Pound for Pound Sterling: We Still Have the World’s Top Shallow Set
The English are having a fine old time in New York — we’re sort of like their Mexico right now, a place where you can throw around your powerful loot and loosen your tie, get away from real-world concerns back home … just unwind a little. Witness last week’s unprecedented bubbly fest at Pink Elephant, financed by the crass, beleaguered billionaire who owns troubled English Premier League squad Newcastle. While he was being shredded back home in the press, heavyset honcho Mike Ashley dropped $220,000 on bottles of Cristal, even finding time to spread the champagne love with various bottle hawks and other moochers who reportedly knew him only as “soccer guy.” UK tabs brilliantly referred to the beneficiaries of the clueless Ashley’s largesse as “Manhattan’s shallow set.”
These included, according to The Daily Mail, the runoff from an Entourage party wrapping up down the street: “Actors Kevin Connolly and Jeremy Piven swilled champagne with former Dallas Cowboys star Deion Sanders, ex-Boston Red Sox baseball star Mo Vaughn, and Black Eyed Peas’ singer Will.I.Am. They all joined in, but none of them knew who Ashley was.”
Moving on to some higher brow though equally shallow set-worthy festivities financed by UK funds, last night we checked out the opening of “The Outsiders” show at the pop-up Lazarides Gallery space on the corner of Bowery and Houston. The turnout for the UK gallery’s temporary spot represented the cream of the downtown scene. We spotted round-rimmed Jeffrey Deitch surveying the foreign invaders, select art world players from London/New York gallery Haunch of Venison, and of course the ubiquitous Beatrice Inn types who unanimously agreed the show was stellar as they got loaded on endless, quality booze courtesy of Belvedere. Cool French performance artist Coco Dolle scouted for Amazons in the crowd while supporting a creepy, masked pal who was shrieking like a hyena while injecting a blonde model with black ink that dripped off her back in the form of a Chanel logo, much to the delight of all.

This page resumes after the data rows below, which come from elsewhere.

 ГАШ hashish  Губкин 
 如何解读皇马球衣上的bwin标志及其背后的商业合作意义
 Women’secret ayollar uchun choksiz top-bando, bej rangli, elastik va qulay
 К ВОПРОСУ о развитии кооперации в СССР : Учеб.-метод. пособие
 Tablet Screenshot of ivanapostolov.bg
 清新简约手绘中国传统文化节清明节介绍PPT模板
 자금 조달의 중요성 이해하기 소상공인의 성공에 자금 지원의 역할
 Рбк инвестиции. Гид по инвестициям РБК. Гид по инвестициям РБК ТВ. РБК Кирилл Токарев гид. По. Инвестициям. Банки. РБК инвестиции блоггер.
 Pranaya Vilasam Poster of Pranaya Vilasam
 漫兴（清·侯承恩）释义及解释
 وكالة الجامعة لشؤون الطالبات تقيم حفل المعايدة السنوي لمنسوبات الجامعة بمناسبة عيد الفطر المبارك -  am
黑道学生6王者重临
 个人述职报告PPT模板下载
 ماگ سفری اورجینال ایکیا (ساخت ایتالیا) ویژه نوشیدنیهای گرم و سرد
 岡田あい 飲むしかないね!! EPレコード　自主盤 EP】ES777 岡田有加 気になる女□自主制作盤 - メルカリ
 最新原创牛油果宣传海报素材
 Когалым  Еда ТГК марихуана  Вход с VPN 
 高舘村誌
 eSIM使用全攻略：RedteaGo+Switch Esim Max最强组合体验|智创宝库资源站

The highlight was the impressive quality of the pieces on display — even if seeing lots of “street art” co-opted and put on display by a fancy gallery is always a tad unsettling, like seeing a bunch of sad elephants prancing around a circus tent. The lowlight — and the proof that the shallow set extends to both the haute and base elements of Manhattan — came toward the end of the vodka-fueled festivities, when a pleasant little old lady from the neighborhood approached and asked the clipboard chick working the door if she could come inside to take a look. As the door girl informed her (with the efficiency of a 1Oak door diva) that she did not make the cut, a pretty model girl breezed past her with nary a problem. Proving that New York’s economy can explode, but our shallow set will always be world class.